DAP queries if some in the armed group have Mykad
Published on: Tuesday, February 26, 2013
Its Sabah chief-cum-Member of Parliament, Hiew King Cheu, said if true, then some of them are actually Malaysians regardless of how they obtained the document.
He also said many people are still puzzled how the group estimated at between 200 and 400 managed to get through the layers of Malaysian defence, namely the marine patrols, the MMEA and the army.
"According to people in Lahad Datu, the usual passenger number on these speedboats smuggling people is not more than 30.

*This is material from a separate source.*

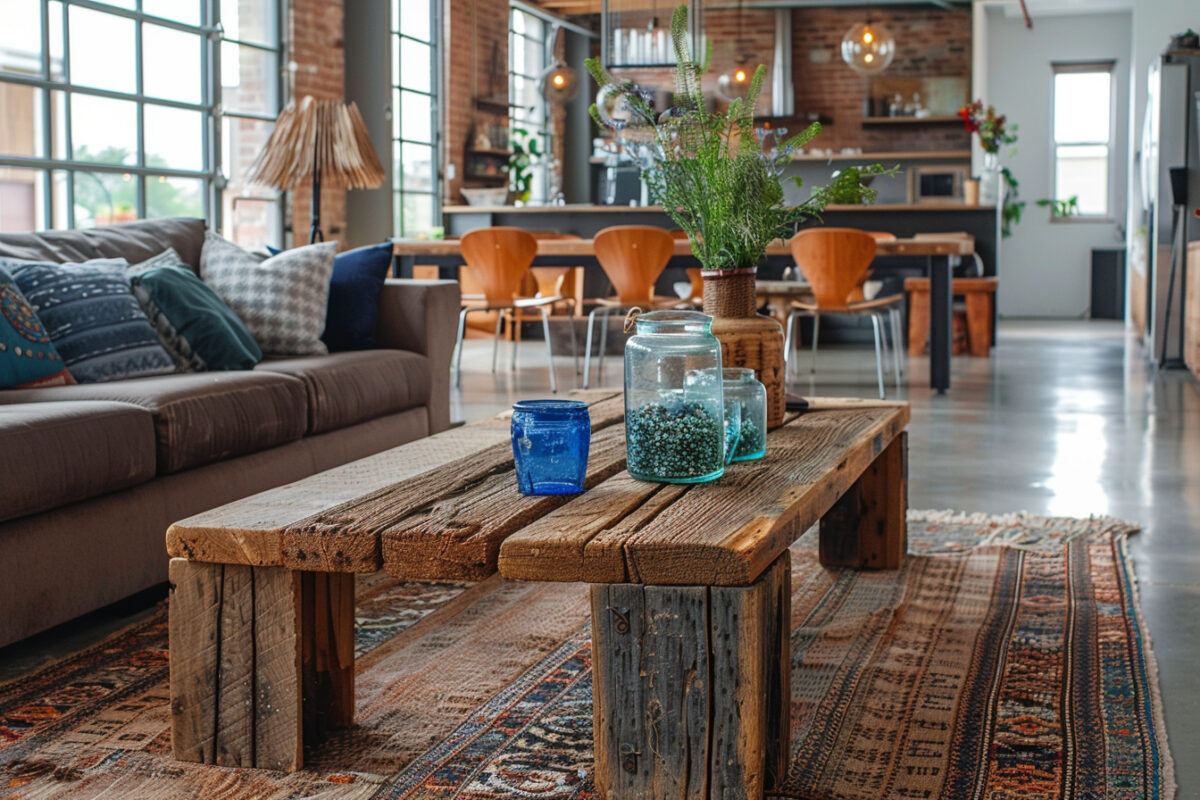Intégrer des matériaux recyclés dans la rénovation intérieure : le guide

"If even 150 militants landed, that means at least 5 speedboats had to do the dropping off. How come our Forces did not detect them?" he asked, adding this suggested that they are already in Sabah and that probably hundreds of thousands of them now have Mykad.
The group is said to have landed on Feb. 9 and have demanded that Malaysia recognise them as the Royal Sulu Sultanante army and for Malaysia to promise not to deport the Suluk illegals "because Sabah still belongs to the Sulu sultanate." He said the impression to the outside world is one of our Forces being bullied by a small bunch of militants from a defunct sultanate.
He said this is despite the Government having spent billions of Ringgit to equip the army, navy, air force and police with weapons, armoured vehicles, helicopters, fighter planes, warships and submarines.
"The negotiations have going on for too long and are becoming very fishy as it is now more than two weeks," he said.
"This is a lame approach by the Barisan Nasional (BN) government to protect our national dignity and sovereignty. It just shows BN's complete weakness in handling a serious emergency situation.
"Their action should have been swift and decisive to demonstrate our security forces strength and power."
He said the security forces should have forced the intruders to surrender and put them behind bars under the country's law for entering Malaysia with deadly weapons.
"Under the law those having 'unlawful possession of firearms' in contravention of the Arms Act 1960 is punishable by death penalty, imprisonment for life or 10-14 years imprisonment with whipping with not less than six strokes of the rotan depending on the case," he said.
He said the patience of villagers are running thin as they were barred from entering their own village and back to their homes, while details of the so-called "negotiations" are withheld from public knowledge.
He said the present standoff is in stark contrast to the 1985 tragedy when armed men dressed in military fatigues fired randomly in public killing 11 people, while injuring others before robbing RM200,000 from a bank and a Malaysia Airliens Office in Lahad Datu.
In that incident, the security forces chased the attackers right to the border islands where they were believed to have come from.